Diferente deve ter sido a situação, na reunião oficial do Sinédrio, na manhã seguinte. Por se tratar de uma sessão oficial da Corte Suprema, os fariseus que compunham a Suprema Corte devem ter estado presentes, votado contra a condenação e influído, poderosamente, para que o convencimento formado, na noite anterior, não prevalecesse. Por esse motivo, Jesus deve ter sido absolvido da acusação de blasfêmia, contra o parecer proferido pelo Sumo-Sacerdote na noite anterior.
Não é incomum as cortes corrigirem seus erros. Especialmente, quando se reúnem em plenário e debatem inteiramente os casos. É o que deve ter ocorrido, na manhã daquela sexta-feira. Apesar de todos os pesares. Os votos dos fariseus não teriam bastado para absolver Jesus de blasfêmia. Alguns saduceus devem ter aderido ao parecer absolutório, arrastados por um proeminente sectário ou por algum fariseu de reputação particularmente elevada. Anás é um candidato a ter desempenhado esse papel. Com base na Lei de Moisés, ele e não Caifás devia exercer o Sumo-Sacerdócio. Portanto, aos olhos de muita gente, sua autoridade era grande. Gamaliel ou outro fariseu importante pode tê-lo influenciado a assumir posição a favor de Jesus. Porém, não temos como determinar o que aconteceu, Sabemos somente que a encenação dos saduceus foi anulada. Porém, o estrago já havia sido produzido. A multidão já considerara Jesus culpado. Com Jerusalém apinhada de visitantes, ela estava fora de controle. A notícia da prisão do criminoso galileu e dos fatos subsequentes correu Jerusalém, de boca em boca, como os discípulos a caminho de Emaús comentaram mais tarde. Não foi possível conter a multidão, no Pretório, quando Pilatos lhe perguntou se o privilégio pascal devia ser concedido a Jesus ou a Barrabás.

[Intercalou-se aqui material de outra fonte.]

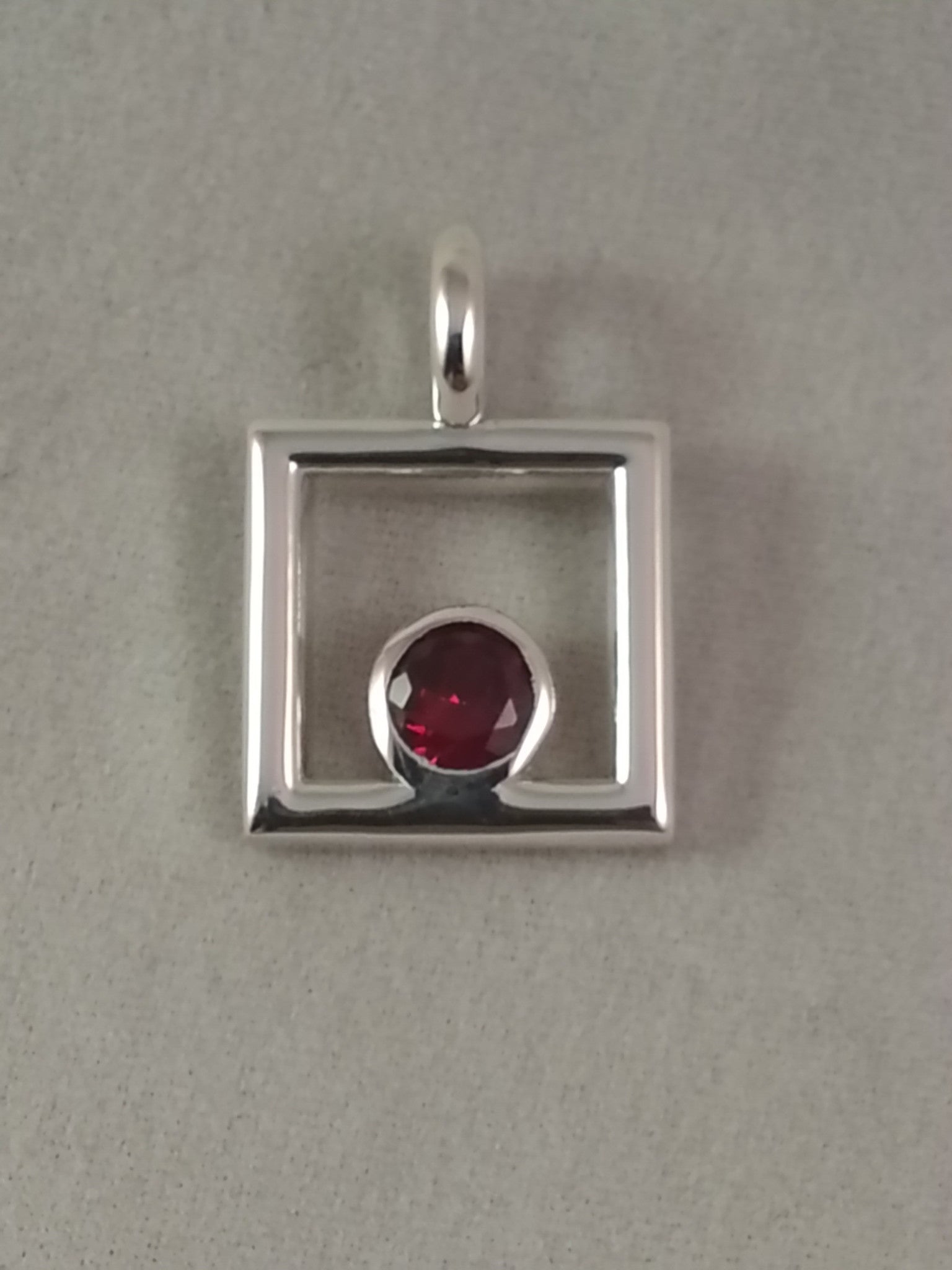 January Keepsake  Sterling silver pendant - Lannan Jewelry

Desse modo, uma das contradições mais centrais da narrativa dos quatro Evangelhos, sobre a última semana (a que se estabelece entre a aclamação de Jesus como o Messias, ao entrar em Jerusalém, e o clamor da multidão para que ele fosse condenado), é eliminada. A informação de Josefo de que as portas do Templo eram abertas, na noite de Páscoa, é a informação fundamental que nos permite explicar o contraste entre as duas multidões.
A antiga ideia de que alguns sacerdotes se infiltraram, no meio da multidão aglomerada no Pretório e a incitaram à decisão capital é demais imaginativa. Beira o ridículo. As narrativas convergentes dos quatro Evangelhos mostram uma multidão convicta da culpabilidade de Jesus, mas não explicam como a convicção se formou. A informação de Josefo é o que melhor supre a lacuna. Sugere que a multidão se convenceu da culpa de Jesus, na noite anterior, pelos mecanismos teatrais de poder concentrados no Templo.